### GOAL OF THE EXERCISE
I'd like the data beneath this line reproduced exactly, without any of its images.

### DATA SHOWN

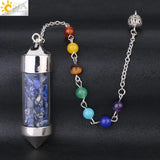 CSJA 7 Chakra Wishing Bottle Crystals Pendulum Reiki Natural Chip Stone Pendant Necklace for Women Men Divination Amulet F976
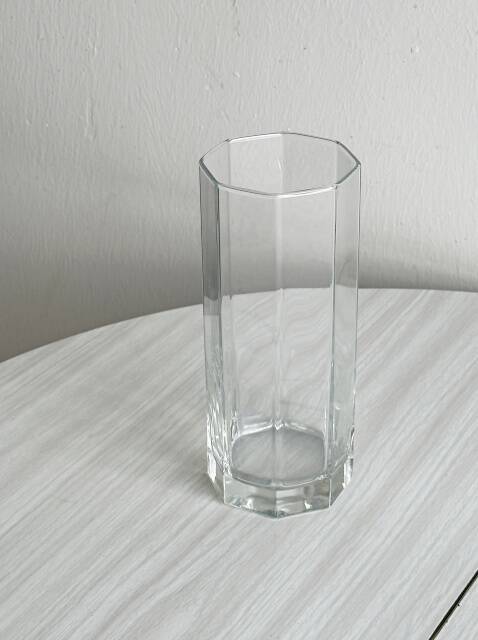 octagonal vase in thick transparent glass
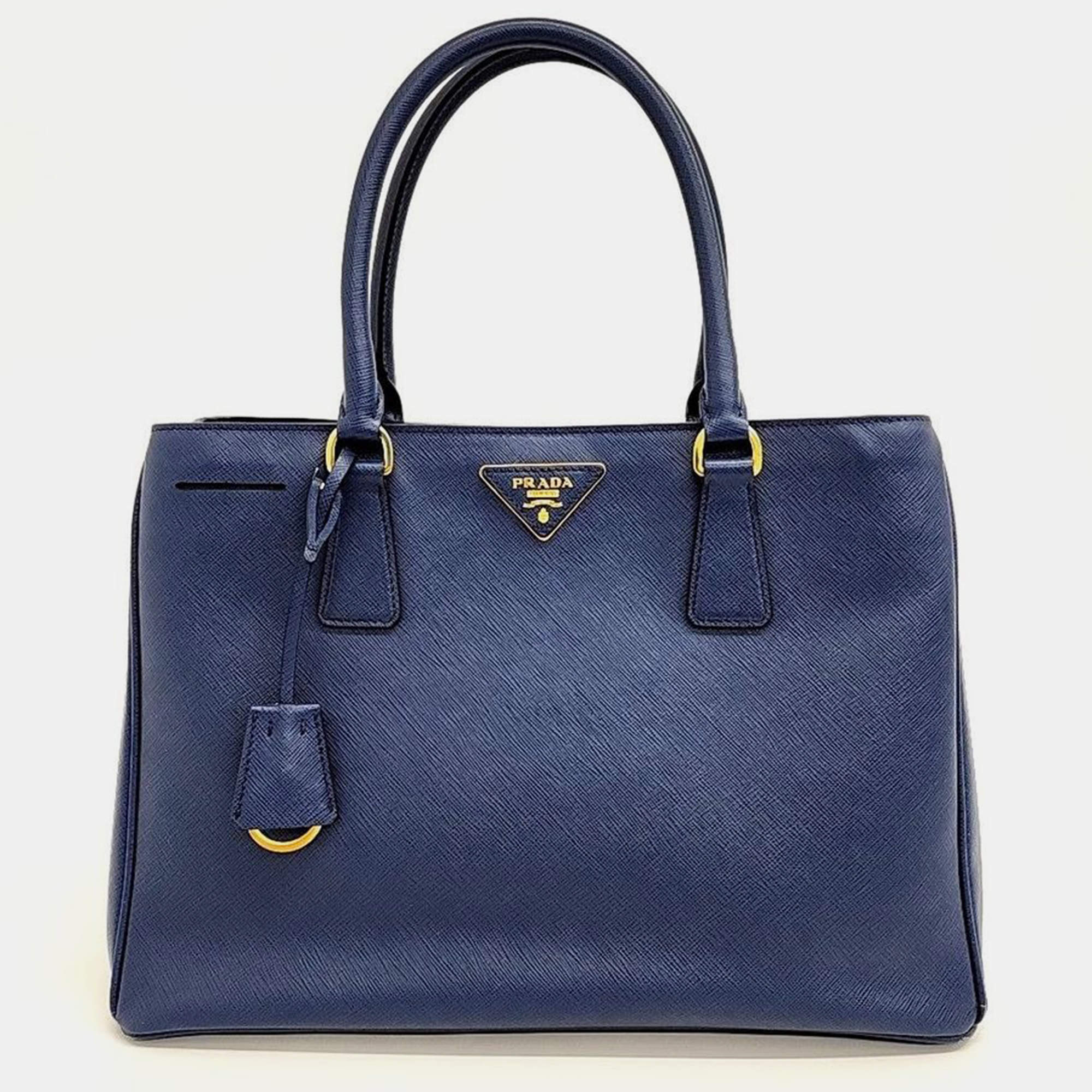 Pre Owned Prada Saffiano Lux Tote and Shoulder Bag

### EXERCISE RESPONSE
 CSJA 7 Chakra Wishing Bottle Crystals Pendulum Reiki Natural Chip Stone Pendant Necklace for Women Men Divination Amulet F976
 octagonal vase in thick transparent glass
 Pre Owned Prada Saffiano Lux Tote and Shoulder Bag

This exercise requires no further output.